L’eventualità indicata è tutt’altro che fantasiosa essendo esattamente quel che è ripetutamente successo a forze politiche radicate in alcuni territori ma poco rilevanti in ambito nazionale. Nel 1983 la Liga Veneta raccolse appena lo 0,29% dei voti a livello nazionale ma ottenne un seggio al Senato in Veneto perché lì rappresentava il 3,68% dei voti validi espressi. Nel 1992 la lista Per la Calabria valeva a livello nazionale appena lo 0,43% ma in Calabria ottenne 2 senatori perché lì rappresentava il 15,21% dei voti validi e la terza forza politica regionale. Oggi, con la normativa vigente, questa lista non parteciperebbe alla ripartizione dei seggi senatoriali, escludendo così il 15% dei votanti calabresi.
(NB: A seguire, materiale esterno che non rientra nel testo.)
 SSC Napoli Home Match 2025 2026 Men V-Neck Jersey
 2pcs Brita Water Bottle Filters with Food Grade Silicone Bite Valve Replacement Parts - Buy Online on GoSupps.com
L’elezione su base regionale del Senato ha la finalità di dare voce a forze politiche e sociali rilevanti nei territori regionali. Si tratta di una componente importante del pluralismo e dell’autonomismo non a caso valorizzato dall’art 5 della Costituzione laddove afferma “La Repubblica, una e indivisibile, riconosce e promuove le autonomie locali”.

Sarebbe utile che tutti a qualsiasi livello considerassero la realtà dei fatti senza abbandonarsi alle astrazioni speculative e aprioristiche che sfidano le leggi della logica.